It is with a sense of shock that I realised that Marilyn Monroe died fifty years ago. I remember hearing the news on our old black and white television and the sense of shock I felt. As I had not seen her in any films or knew her work at all I wonder why I was so upset, but she was so often in the papers and magazines and we all felt we knew so much about her, that it was almost like losing a friend.
This new biography of Marilyn by Lois Banner is the most exhaustive and researched biography we have had yet of this remarkable woman. Most biographies about Marilyn are written by show business reporters or biographers, but the author of this one is a co-founder of the Berkshire Conference of Women Historians. This is not her first book on this subject, she has already published MM-Personal which reproduced and discussed items from Marilyn's personal archives so she is certainly well qualified to write this biography.

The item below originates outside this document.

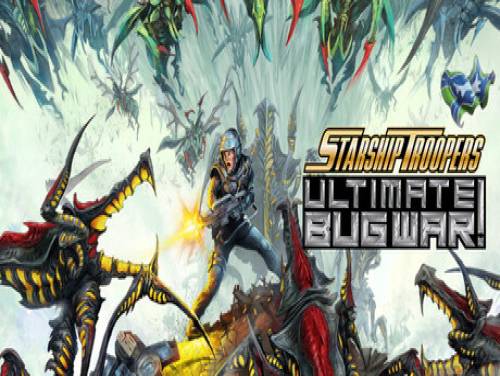 Starship Troopers: Ultimate Bug War!: Trame du jeu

It is heavily researched and there is no part of Marilyn's life which is not explored in detail. I don't think Marilyn ever really knew who her father was, a fact which certainly impacted on her attitude to men as she grew into adulthood; her mother was mentally fragile and was incapable of looking after her daughter properly and Marilyn spent most of her childhood in foster homes with an assortment of friends and acquaintances who took her on when her mother could not cope and she had no stable childhood at all. She spent time with a family who were very involved with Christian Science and it was during this time that she later revealed she had suffered sexual abuse. She was rather vague about it and would not name who it was but the general consensus was that it was the foster father who was responsible though it was never proved. Indeed, some thought Marilyn had made it up in order to gain publicity.
It would take too long to chart the ups and downs of Marilyn's early life and her career, but one thing that stands out most clearly is just how hard she worked. All I remember reading about her was her lateness on set, days when she did not turn up at all or could not be bothered, and yet it seemed that she was regarded as one of the hardest working young actresses in the studio, conscientiously taking her acting classes, turning up on time and spending hours perfecting her technique and concentrating on the expressions on her face in revealing emotion and feelings. Also clear that she was no intellectual slouch and she was bright and clever and witty and amusing. Marilyn had a clear eye and a level head and knew exactly what to do in order to push her career forward.
The more I read, the more fond of Marilyn I became. She struck me as being a really, well, nice woman. There seems to be no record or comment anywhere of her doing down another actress or behaving badly towards them. There appear to be plenty of actors who are quite happy to be sarcastic or unpleasant about her, Laurence Olivier being one of them. Seems he treated her very badly during the making of the film The Prince and the Showgirl - no surprise there - and her husband Arthur Miller who thought he had married a dumb blonde only to find out he was mistaken, seems to have spent most of their married life chipping away at her confidence and reducing her to a nervous wreck.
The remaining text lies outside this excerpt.